Directions for this task: Copy exactly, from the beginning of the material below, every line up to and including the one holding "Dramatični snimci iz", with the pictures left out.
━━━ Record extracts
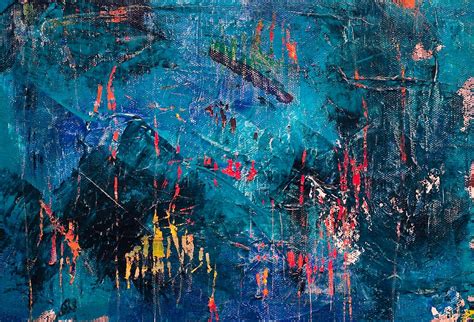 HD Wallpaper Blue Red And Black Abstract Painting Abstract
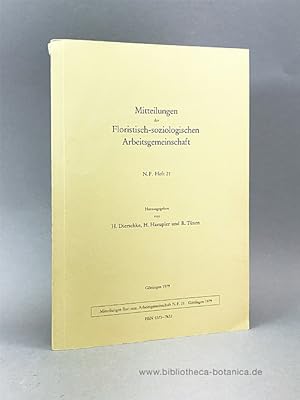 Image du vendeur pour Mitteilungen der Floristisch-soziologischen Arbeitsgemeinschaft. Neue Folge Heft 21. mis en vente par Bibliotheca Botanica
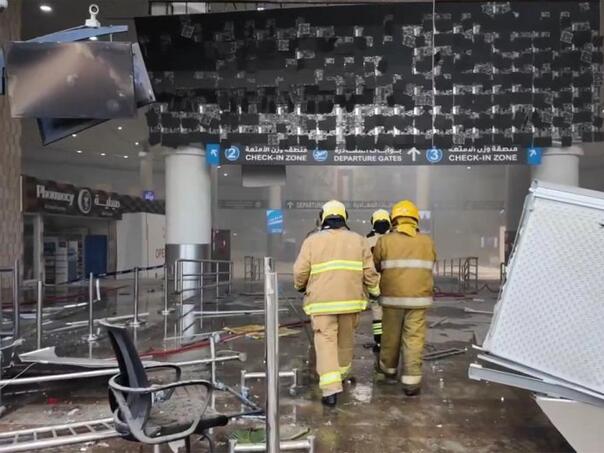 Dramatični snimci iz Kuvajta nakon iranskog raketiranja: Aerodrom van funkcije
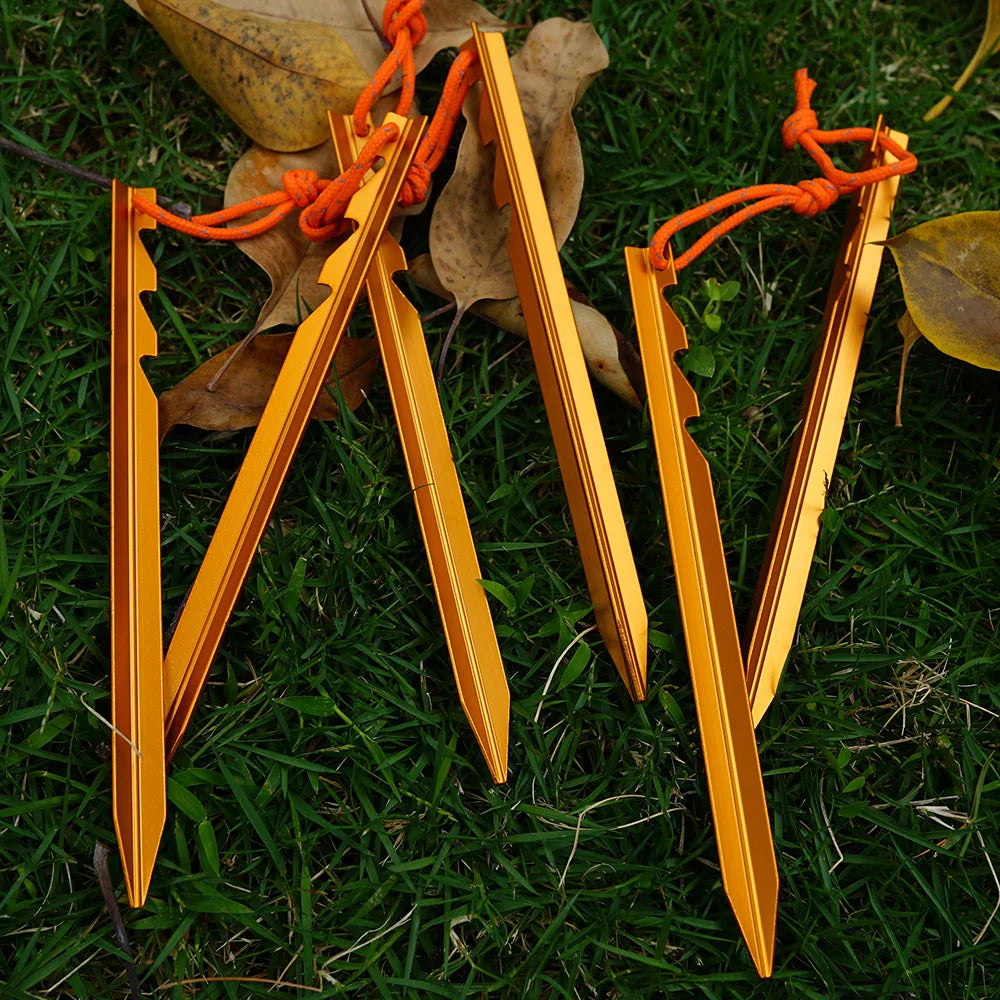 Aluminium Zeltpflöcke 18cm - Robuste Camping Zubehör – clever-campen Ansicht 5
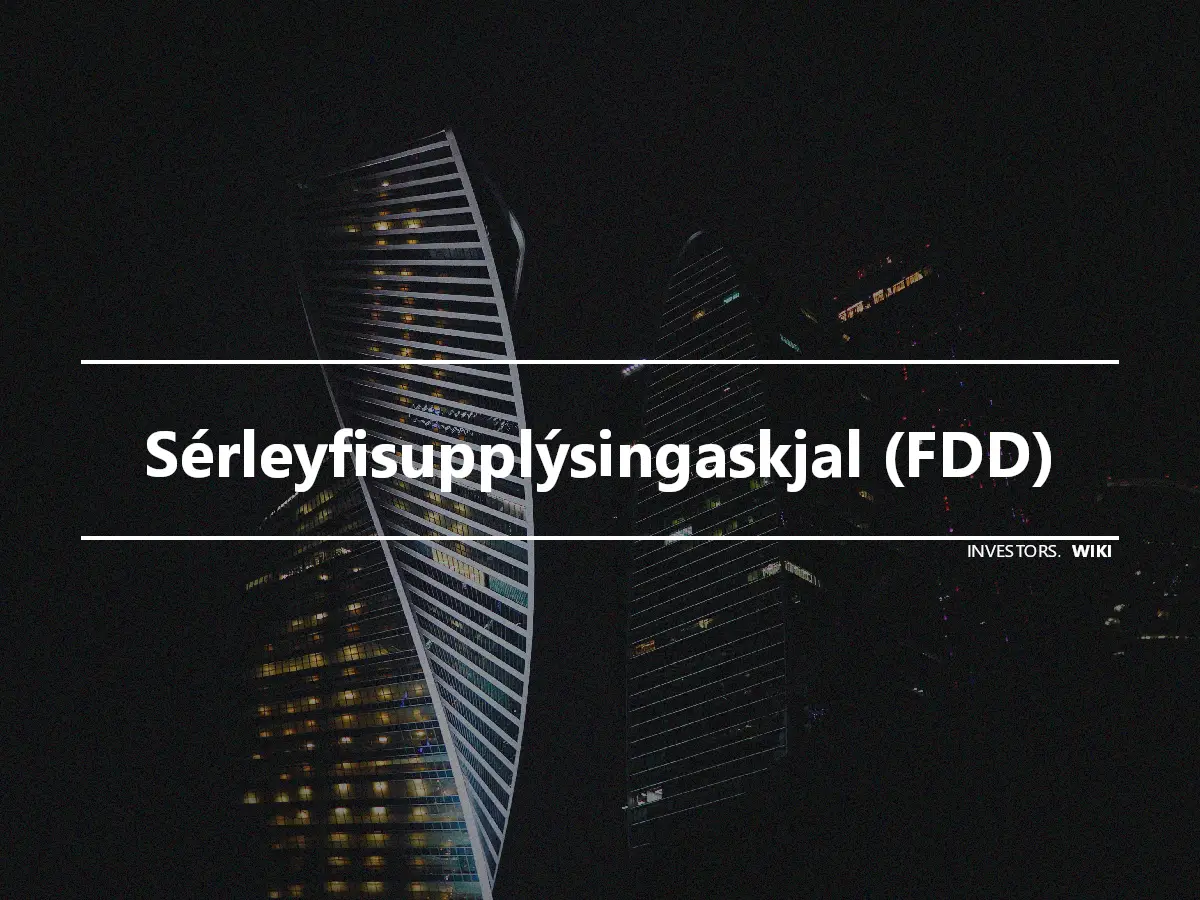 Sérleyfisupplýsingaskjal (FDD)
━━━━━━
Answer to the exercise:
 HD Wallpaper Blue Red And Black Abstract Painting Abstract
 Image du vendeur pour Mitteilungen der Floristisch-soziologischen Arbeitsgemeinschaft. Neue Folge Heft 21. mis en vente par Bibliotheca Botanica
 Dramatični snimci iz Kuvajta nakon iranskog raketiranja: Aerodrom van funkcije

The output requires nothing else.